Set czwarty rozpoczął się od wyrównanej gry. Jako pierwsze na dwupunktowe prowadzenie wyszły krakowianki przy wyniku 7:5, ale świetnie odpowiedziały ełkaesianki i po bloku Bidias było 8:7 dla gości. Niedługo później Lucie Muhlsteinova przypomniała, że jest wysoko w klasyfikacji najlepiej zagrywających i wyprowadziła swój zespół na prowadzenie 11:9, po czym łodzianki dołożyły jeszcze jeden punkt, a gospodynie pogubiły się w kolejnej akcji i przewaga ŁKS-u Commercecon urosła do 13:9. Przy stanie 15:13 dla gości, trener Chiappini ponownie na zagrywkę wprowadził Szymańską w miejsce Clement, ale tym razem nie przyniosło to efektu.

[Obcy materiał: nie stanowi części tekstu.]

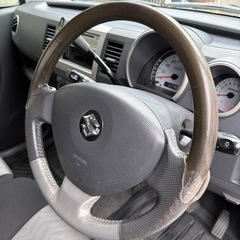 ワゴンR MH21Sの画像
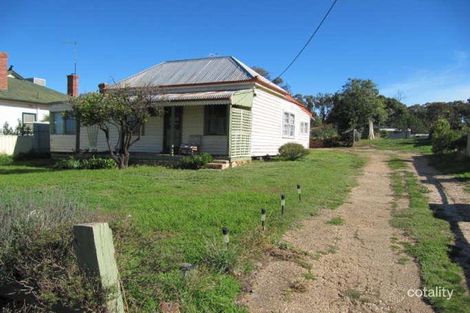 Property photo of 17 Beaconsfield Street St Arnaud VIC 3478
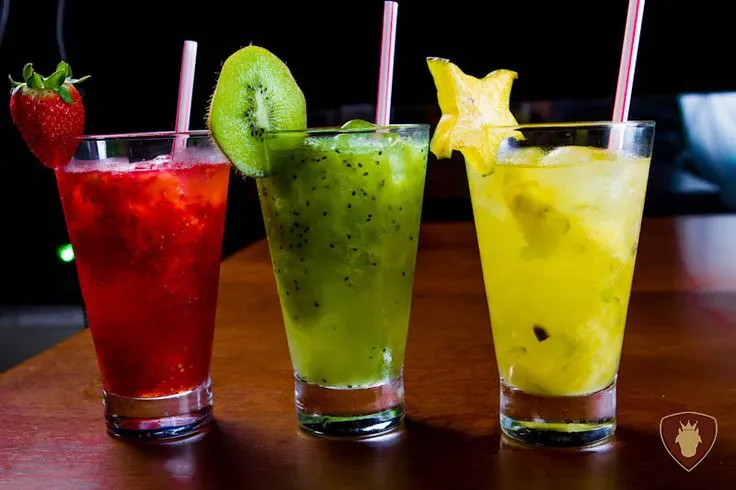 Caipirinha de Corote Caipirinha de Corote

Za to po drugiej stronie świetnie zagrała Wawrzyńczyk i po złym przyjęciu przechodzącą piłkę skończyła McClendon, a w następnej akcji dorzuciła jeszcze blok i ŁKS był w komfortowej sytuacji, prowadząc 18:13. Łodzianki pilnowały przewagi i przy 21:15 raczej trudno było oczekiwać że dadzą sobie odebrać jakiekolwiek punkty w tym meczu. Kiedy Małgorzata Skorupa zagrała asa i wyprowadziła zespół na prowadzenie 23:15, wszystko było już raczej jasne. Mecz skończyło nieporozumienie w krakowskich szeregach, które ustaliło wynik na 25:15 dla ŁKS i 3:1 w całym spotkaniu.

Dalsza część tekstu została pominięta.